Instructions to follow
After locating the line that contains "Hardcore metal band" in the data below, set down exactly that line and each one after it through the line that contains "Star shaped cinnamon", and nothing more.

Record extracts

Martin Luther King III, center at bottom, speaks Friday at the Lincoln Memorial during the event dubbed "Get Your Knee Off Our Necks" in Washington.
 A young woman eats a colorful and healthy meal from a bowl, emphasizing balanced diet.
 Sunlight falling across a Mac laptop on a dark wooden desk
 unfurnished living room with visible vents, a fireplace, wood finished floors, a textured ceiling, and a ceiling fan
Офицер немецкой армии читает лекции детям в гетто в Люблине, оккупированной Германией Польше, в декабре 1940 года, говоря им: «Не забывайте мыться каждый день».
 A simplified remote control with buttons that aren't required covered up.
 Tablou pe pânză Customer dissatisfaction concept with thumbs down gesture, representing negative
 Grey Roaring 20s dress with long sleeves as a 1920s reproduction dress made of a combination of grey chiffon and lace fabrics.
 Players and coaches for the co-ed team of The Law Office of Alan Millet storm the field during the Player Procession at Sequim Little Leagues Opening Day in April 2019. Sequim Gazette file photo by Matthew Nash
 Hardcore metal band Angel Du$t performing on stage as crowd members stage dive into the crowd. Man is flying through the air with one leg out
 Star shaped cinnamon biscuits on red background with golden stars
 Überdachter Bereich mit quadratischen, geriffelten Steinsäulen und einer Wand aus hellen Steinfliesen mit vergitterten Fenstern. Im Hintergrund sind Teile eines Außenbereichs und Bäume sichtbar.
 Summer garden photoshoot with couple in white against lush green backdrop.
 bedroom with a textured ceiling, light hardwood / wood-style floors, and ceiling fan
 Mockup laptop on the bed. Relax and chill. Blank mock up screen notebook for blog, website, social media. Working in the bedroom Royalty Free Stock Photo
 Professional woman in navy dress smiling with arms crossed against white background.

Response box
 Hardcore metal band Angel Du$t performing on stage as crowd members stage dive into the crowd. Man is flying through the air with one leg out
 Star shaped cinnamon biscuits on red background with golden stars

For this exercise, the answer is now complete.